Empieza a trabajar como informador médico-científico, y gana mucho más de lo que le dice a su hermana: en efecto, hace costosos regalos a su última amante, Elena Sclafani.

Es muy probable que tuviera una cuenta corriente en un banco que no se consigue identificar.

Seguro que tenía una caja blindada más bien grande que no se ha encontrado.

Ha sido asesinado de un disparo en la cara (¿significa algo?).

Además, en el momento de su muerte, tenía la polla fuera (y eso seguro que significa algo, pero ¿qué?).

Posibles móviles del homicidio:

a) asunto de faldas;

b) siniestro tráfico de compadreos, hipótesis no desdeñable formulada por Nicolò (verificarlo con el comandante Laganà).

Utiliza sin duda una clave (¿para qué?).

Tiene tres archivos con contraseña. El primero, que Catarella ha conseguido abrir, está todo en clave.

Lo cual significa que Angelo Pardo tenía algo que deseaba mantener cuidadosamente oculto.

Una última nota: ¿por qué las tres cartas de Elena se escondieron debajo de la alfombrilla del maletero del Mercedes? (percibo que es un punto de cierta importancia, pero no sé explicarme el porqué).

Le ruego me disculpe, mi querido comisario, en caso de que este pequeño párrafo dedicado al muerto resulte un tanto desordenado, pero es que he ido escribiéndolo sobre la marcha, a medida que se me iban ocurriendo las cosas, sin seguir una línea lógica.

Segundo. Elena Sclafani.

Se habrá preguntado, naturalmente, por qué escribo el nombre de Elena Sclafani en segundo lugar. Sé muy bien, mi queridísimo amigo, que a usted la chica le hace tilín, tal como suele decirse. Es guapa (guapísima, de acuerdo, no tengo el menor inconveniente en aceptar sus rectificaciones), y usted sería capaz de acuñar moneda falsa con tal de no tener que colocarla en el primer lugar de la lista de sospechosos. Le gusta la sinceridad con que habla acerca de sí misma, pero ¿no le ha pasado por la cabeza la duda de que a veces la sinceridad puede ser un método destinado a obstaculizar el descubrimiento de la verdad, tal como ocurre con el método aparentemente contrario, es decir, el de la mentira? ¿Dice usted que estoy haciendo filosofía?

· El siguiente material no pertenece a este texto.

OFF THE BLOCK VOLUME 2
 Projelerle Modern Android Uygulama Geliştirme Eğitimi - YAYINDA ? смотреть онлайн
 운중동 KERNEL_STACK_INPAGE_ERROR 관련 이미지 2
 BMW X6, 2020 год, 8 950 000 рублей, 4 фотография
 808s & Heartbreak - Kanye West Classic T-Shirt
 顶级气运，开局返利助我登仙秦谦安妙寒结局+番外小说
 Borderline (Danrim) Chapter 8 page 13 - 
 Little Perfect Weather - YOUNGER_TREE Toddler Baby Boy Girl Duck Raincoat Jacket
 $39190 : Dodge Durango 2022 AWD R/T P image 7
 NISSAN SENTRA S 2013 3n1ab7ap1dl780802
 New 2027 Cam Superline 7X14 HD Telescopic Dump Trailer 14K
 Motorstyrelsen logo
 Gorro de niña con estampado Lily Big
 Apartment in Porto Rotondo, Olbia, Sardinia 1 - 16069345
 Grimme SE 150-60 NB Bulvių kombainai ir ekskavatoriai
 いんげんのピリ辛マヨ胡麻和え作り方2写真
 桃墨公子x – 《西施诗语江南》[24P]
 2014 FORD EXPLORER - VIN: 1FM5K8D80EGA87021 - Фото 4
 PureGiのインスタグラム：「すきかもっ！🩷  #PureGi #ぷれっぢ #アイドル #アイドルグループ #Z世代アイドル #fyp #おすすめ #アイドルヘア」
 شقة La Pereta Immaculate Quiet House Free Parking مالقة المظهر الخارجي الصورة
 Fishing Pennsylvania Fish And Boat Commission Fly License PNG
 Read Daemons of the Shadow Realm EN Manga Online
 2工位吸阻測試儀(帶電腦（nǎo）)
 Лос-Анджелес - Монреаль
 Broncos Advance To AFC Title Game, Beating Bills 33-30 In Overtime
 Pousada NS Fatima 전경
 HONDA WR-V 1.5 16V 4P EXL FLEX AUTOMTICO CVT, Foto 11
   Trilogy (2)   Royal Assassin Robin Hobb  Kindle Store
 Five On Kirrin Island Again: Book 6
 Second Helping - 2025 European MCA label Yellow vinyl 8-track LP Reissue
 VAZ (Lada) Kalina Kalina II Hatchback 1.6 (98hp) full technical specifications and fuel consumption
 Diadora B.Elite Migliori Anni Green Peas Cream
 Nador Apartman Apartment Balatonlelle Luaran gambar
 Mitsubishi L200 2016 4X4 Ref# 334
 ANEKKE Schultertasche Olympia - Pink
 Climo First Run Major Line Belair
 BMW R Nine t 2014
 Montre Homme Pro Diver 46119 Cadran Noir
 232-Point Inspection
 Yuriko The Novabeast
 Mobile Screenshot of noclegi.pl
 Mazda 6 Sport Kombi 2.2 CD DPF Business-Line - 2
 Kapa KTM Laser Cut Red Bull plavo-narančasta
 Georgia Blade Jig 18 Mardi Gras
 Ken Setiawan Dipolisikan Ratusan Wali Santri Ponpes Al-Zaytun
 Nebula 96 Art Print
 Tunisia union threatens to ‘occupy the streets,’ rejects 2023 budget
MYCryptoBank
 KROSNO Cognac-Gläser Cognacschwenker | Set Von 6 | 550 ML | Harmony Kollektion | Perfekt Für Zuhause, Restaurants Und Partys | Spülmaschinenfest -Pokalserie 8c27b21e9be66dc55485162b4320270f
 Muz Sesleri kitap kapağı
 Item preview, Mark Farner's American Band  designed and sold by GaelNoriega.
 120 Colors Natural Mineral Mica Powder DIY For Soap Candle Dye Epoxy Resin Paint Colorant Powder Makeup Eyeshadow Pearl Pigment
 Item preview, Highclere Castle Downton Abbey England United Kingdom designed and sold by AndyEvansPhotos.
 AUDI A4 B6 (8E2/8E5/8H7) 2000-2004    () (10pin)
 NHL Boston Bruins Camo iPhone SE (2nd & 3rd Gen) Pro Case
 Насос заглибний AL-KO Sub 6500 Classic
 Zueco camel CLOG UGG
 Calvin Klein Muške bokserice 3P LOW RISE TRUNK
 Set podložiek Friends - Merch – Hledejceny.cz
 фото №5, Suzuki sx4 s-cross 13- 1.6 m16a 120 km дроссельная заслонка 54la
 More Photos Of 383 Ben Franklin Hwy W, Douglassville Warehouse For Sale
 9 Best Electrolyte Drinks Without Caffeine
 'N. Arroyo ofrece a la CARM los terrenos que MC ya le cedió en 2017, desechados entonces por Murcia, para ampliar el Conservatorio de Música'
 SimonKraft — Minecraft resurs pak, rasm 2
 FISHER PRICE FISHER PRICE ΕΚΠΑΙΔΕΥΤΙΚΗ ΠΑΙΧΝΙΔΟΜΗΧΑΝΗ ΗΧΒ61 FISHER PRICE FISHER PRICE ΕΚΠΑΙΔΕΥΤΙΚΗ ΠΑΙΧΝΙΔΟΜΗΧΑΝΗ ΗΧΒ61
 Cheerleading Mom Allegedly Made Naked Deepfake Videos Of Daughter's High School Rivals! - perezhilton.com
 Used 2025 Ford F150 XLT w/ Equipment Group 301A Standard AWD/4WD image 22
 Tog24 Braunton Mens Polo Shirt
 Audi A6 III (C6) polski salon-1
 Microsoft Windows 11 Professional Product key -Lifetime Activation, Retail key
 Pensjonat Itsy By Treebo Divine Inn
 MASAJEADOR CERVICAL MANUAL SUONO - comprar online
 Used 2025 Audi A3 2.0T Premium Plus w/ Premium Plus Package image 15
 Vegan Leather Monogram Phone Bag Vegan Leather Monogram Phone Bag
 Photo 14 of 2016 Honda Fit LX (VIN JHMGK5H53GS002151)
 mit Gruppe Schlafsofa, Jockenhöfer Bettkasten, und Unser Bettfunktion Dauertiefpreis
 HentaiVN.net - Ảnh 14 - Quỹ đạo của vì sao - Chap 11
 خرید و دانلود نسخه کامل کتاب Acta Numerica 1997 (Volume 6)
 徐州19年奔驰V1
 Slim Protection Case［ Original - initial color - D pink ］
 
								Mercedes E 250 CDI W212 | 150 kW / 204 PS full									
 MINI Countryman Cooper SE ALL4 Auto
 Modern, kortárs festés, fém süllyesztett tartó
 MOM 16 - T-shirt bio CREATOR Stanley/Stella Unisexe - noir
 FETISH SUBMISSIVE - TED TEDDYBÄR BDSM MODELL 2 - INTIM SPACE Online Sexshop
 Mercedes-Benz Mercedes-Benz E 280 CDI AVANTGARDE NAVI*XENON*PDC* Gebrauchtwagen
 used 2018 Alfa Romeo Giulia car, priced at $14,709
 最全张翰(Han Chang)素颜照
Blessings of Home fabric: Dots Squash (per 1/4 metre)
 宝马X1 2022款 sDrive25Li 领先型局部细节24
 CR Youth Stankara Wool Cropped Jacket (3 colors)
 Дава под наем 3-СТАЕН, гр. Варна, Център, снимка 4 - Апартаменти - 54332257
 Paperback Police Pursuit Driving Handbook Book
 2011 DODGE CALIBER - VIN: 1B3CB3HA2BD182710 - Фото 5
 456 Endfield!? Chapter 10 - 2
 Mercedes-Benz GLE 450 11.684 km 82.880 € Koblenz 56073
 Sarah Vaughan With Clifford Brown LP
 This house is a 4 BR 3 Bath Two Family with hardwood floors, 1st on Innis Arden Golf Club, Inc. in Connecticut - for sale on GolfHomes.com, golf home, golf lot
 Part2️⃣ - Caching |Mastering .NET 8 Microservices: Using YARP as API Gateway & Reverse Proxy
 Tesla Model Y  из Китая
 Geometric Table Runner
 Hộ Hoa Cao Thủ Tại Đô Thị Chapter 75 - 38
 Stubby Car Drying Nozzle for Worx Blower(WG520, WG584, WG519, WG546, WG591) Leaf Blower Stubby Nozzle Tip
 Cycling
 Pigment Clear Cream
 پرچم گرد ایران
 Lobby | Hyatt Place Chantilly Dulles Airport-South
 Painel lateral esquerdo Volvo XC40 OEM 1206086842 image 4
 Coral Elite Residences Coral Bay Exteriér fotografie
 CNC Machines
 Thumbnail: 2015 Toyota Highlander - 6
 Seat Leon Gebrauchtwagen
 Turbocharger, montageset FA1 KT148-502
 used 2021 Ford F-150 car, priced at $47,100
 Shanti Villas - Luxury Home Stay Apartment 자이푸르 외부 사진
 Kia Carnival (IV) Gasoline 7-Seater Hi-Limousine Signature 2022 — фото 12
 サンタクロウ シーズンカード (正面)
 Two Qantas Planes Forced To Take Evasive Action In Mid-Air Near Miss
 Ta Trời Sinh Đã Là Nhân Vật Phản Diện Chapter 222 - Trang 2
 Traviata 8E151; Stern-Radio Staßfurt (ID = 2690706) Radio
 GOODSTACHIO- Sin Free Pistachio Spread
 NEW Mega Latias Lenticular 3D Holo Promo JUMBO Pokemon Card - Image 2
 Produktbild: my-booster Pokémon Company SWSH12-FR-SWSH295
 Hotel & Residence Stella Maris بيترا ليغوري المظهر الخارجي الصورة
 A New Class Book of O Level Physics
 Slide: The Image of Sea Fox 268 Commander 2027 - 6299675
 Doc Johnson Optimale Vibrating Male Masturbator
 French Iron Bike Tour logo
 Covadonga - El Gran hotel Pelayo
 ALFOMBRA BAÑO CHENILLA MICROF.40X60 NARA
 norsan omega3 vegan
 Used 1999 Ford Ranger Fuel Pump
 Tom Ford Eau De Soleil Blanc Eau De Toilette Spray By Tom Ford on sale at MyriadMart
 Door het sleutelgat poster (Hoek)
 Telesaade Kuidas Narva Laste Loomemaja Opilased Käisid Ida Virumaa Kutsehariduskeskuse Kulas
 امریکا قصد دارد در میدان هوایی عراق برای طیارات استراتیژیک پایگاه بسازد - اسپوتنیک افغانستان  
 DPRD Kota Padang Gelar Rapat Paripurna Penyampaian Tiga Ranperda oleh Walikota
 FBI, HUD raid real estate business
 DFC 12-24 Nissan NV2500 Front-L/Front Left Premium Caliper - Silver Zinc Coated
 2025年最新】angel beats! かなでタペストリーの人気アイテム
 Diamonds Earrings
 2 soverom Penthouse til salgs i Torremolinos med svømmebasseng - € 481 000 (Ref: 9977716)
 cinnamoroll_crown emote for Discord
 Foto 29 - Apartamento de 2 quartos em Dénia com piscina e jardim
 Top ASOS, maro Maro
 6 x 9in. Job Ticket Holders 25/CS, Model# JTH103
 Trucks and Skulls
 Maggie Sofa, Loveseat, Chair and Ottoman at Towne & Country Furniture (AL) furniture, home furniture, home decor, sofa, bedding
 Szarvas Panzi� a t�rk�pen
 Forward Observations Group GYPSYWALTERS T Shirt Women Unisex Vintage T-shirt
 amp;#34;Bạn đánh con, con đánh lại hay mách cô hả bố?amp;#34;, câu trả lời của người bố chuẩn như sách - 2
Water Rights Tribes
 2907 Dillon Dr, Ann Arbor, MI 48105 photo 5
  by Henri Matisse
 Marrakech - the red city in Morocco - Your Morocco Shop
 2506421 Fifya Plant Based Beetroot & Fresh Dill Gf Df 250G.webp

Pues entonces seré brutalmente policía.

No cabe ninguna duda de que existen unas cartas en las cuales Elena, por celos, amenaza de muerte a su amante.

Elena sostiene que las escribió al dictado de Angelo. Pero no hay ninguna prueba de lo que dice, son tan sólo afirmaciones que escapan a cualquier posibilidad de comprobación. Y las explicaciones que da acerca del motivo por el cual Angelo la habría obligado a escribir las cartas son muy, admítalo, mi querido comisario, muy confusas.

Para la noche del homicidio Elena no tiene coartada. (Cuidado: usted tuvo la impresión de que ella ocultaba algo, ¡no lo olvide!) Dice que fue a dar una vuelta con el coche, sin rumbo fijo, con el simple propósito de demostrarse que podía prescindir de Angelo. ¿Le parece poco la falta de una coartada precisamente aquella noche?

Acerca de los ciegos celos de Elena, aparte de las cartas, está también la declaración de Michela. Una declaración discutible, es cierto, pero que, delante del fiscal, tendría su peso.

¿Quiere, querido comisario, que le exponga un argumento que sin duda le resultará desagradable? Durante un instante déjeme interpretar el papel del fiscal Tommaseo.

Ya segura de que Angelo la traiciona, loca de celos, Elena se agencia aquella noche un arma, dónde y cómo lo aclararemos más adelante, y permanece al acecho bajo la casa de Angelo. Pero primero ha llamado a su amante, diciéndole que no podrá ir a verlo. Él cae en la trampa, llama a la otra mujer y, para mayor seguridad, sube con ella al cuarto de la azotea. Por razones que quizá descubriremos o quizá no, no hacen el amor. Pero eso Elena no lo sabe. Y en cualquier caso, la cosa es, en cierto sentido, irrelevante. Cuando la mujer se va, Elena entra en el edificio, sube al cuarto de la azotea, discute o no con Angelo y le pega un tiro. Y después, como último ultraje, le baja la cremallera de los tejanos y saca a la luz el objeto, llamémoslo así, de la contienda.